How Quantum Agents Can Change Which Strategies Are More Complex

TL;DR

This paper explores how quantum information processing can alter the perceived complexity of strategies, showing that quantum agents may find different strategies more complex than classical agents, with implications for understanding memory requirements.

Contribution

It demonstrates that the complexity assessment of strategies depends on quantum processing capabilities, providing conditions for when quantum agents invert classical complexity rankings.

Findings

Quantum agents can reverse classical complexity orderings of strategies.

Derived conditions for when quantum and classical complexity assessments differ.

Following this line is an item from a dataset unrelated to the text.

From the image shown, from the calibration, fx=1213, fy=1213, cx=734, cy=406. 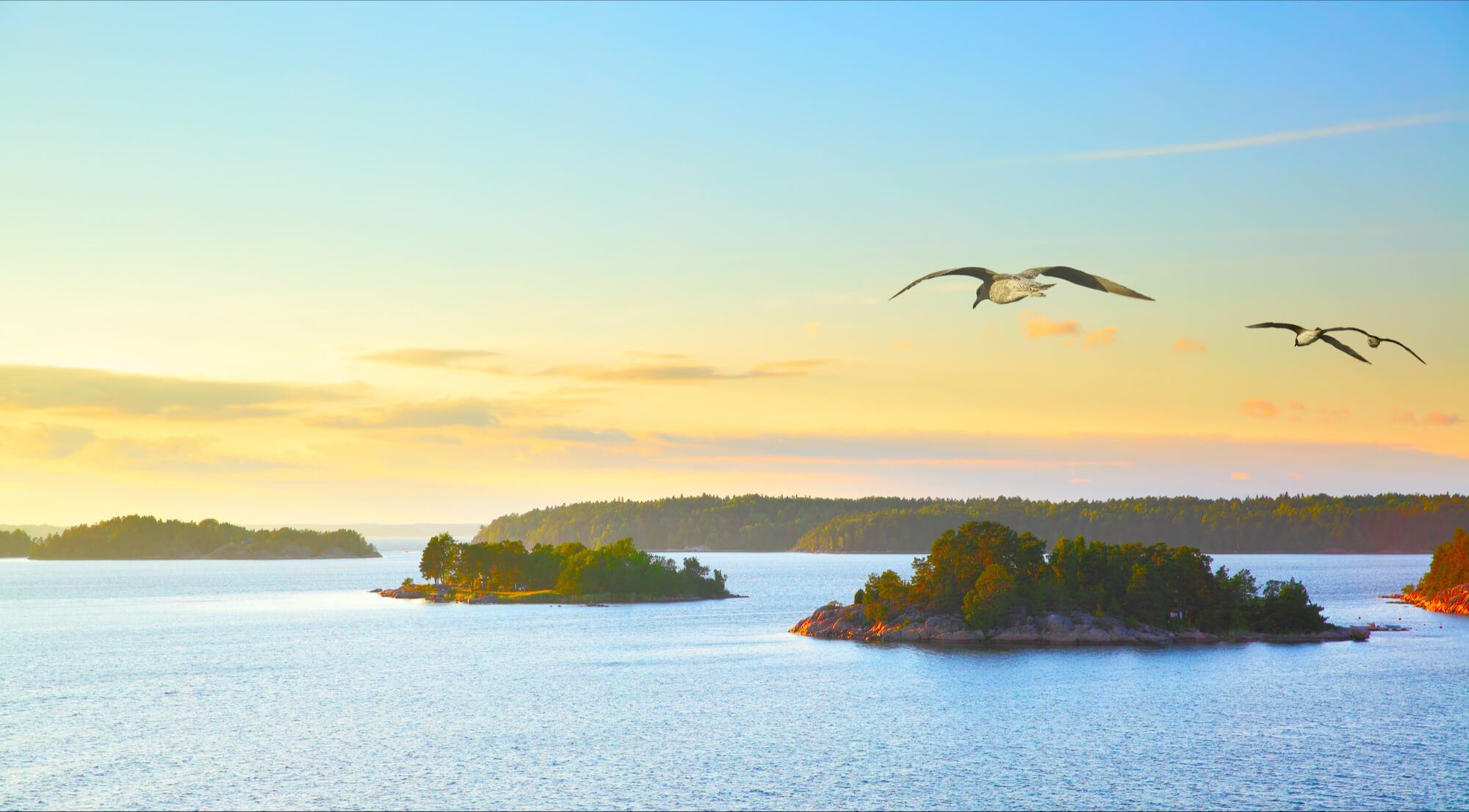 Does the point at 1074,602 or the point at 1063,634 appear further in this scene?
the point at 1074,602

Established an information-theoretic lower bound on memory for executing strategies.

Abstract

Whether winning blackjack or navigating busy streets, achieving desired outcomes requires agents to execute adaptive strategies, strategies where actions depend contextually on past events. In complexity science, this motivates memory as an operational quantifier of complexity: given two strategies, the more complex one demands the agent to track more about the past. Here, we show that conclusions about complexity fundamentally depend on whether agents can process and store quantum information. Thus, while classical agents might find Strategy A more complex to execute than Strategy B, quantum agents can reach the opposite conclusion. We derive sufficient conditions for such contradictory conclusions and illustrate the phenomenon across multiple scenarios. As a byproduct, our results yield an information-theoretic lower bound on the minimal memory required by any agent - classical or quantum - to execute a given strategy.